Menunggu di area resepsionis, dia telah membolak -balik majalah berita yang telah berbaring di atas meja untuk dibaca klien sambil menunggu janji temu mereka. Di sampulnya ada gambaran seorang politisi terkenal, seorang pria yang terkenal karena kekasaran dan agresinya. Dia telah menatap mata-menusuk, menuduh mata, dan hanya melihat kemarahan defensif yang tidak bisa ditembus. Tidak ada-tidak ada senyum paksa atau protes yang dilatih dari keprihatinan, dapat membatalkan keegoisan yang dingin dari mata itu.
(Waiting in the reception area, she had flicked through a news magazine that had been lying on the table for clients to read while waiting for their appointment. On the cover there had been a picture of a well-known politician, a man famous for his rudeness and aggression. She had looked at the eyes--the piercing, accusing eyes, and had seen only an impenetrable, defensive anger. Nothing--no forced smiles nor rehearsed protestation of concern, could cancel out the cold selfishness of those eyes.)

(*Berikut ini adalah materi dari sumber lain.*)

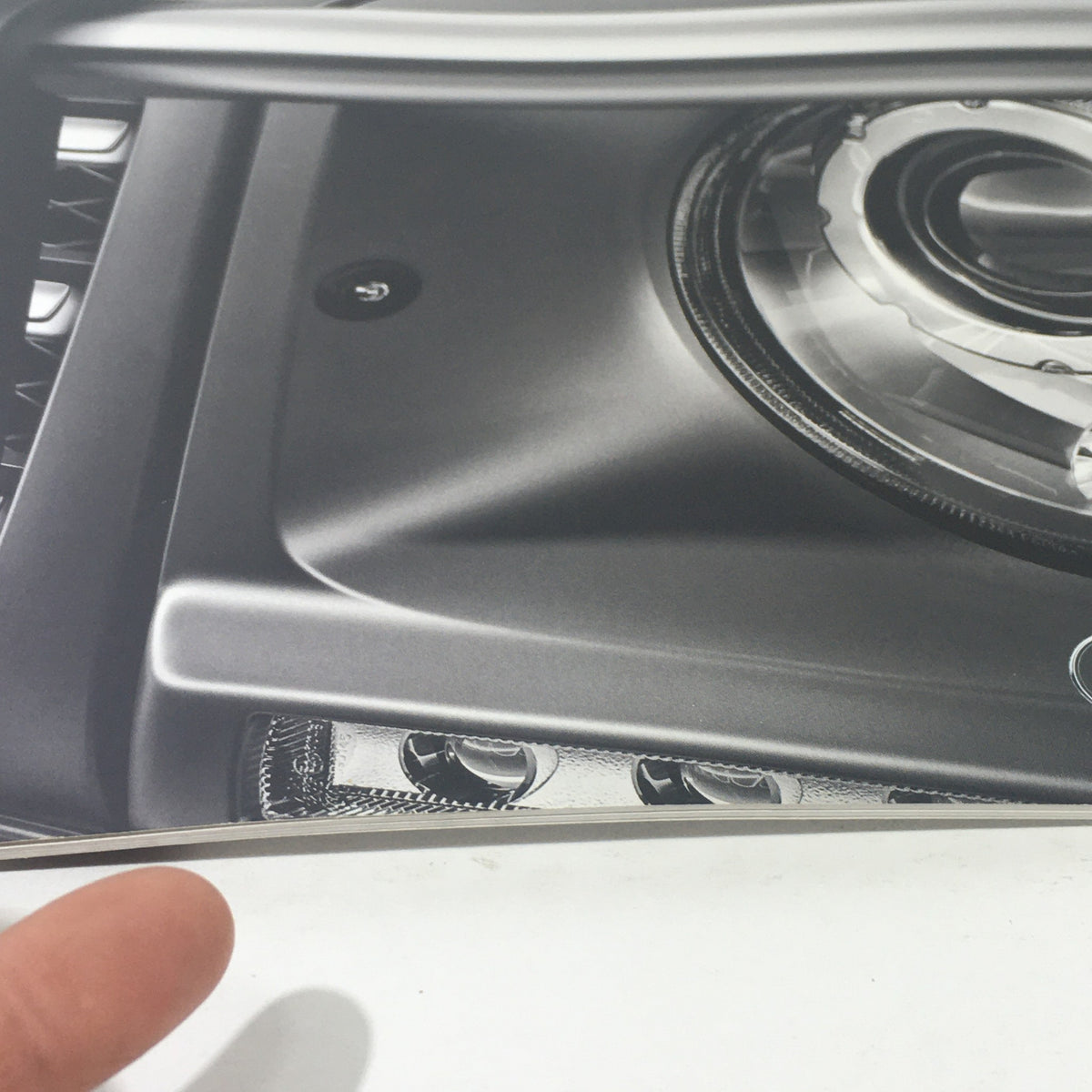 Close-up of 2013 Mercedes-Benz G-Class components in the dealership brochure, showcasing detailed craftsmanship and modern features.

Sambil menunggu pengangkatannya di area resepsionis, wanita itu meneliti majalah berita yang ditinggalkan untuk klien. Sampul itu menampilkan politisi terkenal yang terkenal karena sikapnya yang agresif. Perhatiannya tertuju pada matanya, yang dia temukan untuk menyampaikan rasa kemarahan yang tidak bisa ditembus dan defensif, menaungi kepura -puraan emosi yang mungkin ditampilkannya.
Mata politisi tidak memiliki kehangatan, mencerminkan keegoisan dingin yang meninggalkan kesan abadi padanya. Dia merasa bahwa tidak ada senyum paksa atau pernyataan kekhawatiran yang bisa ditempelkan dapat menutupi kekerasan yang mendasari yang terbukti dalam tatapannya, meninggalkannya dengan rasa tidak nyaman tentang karakternya.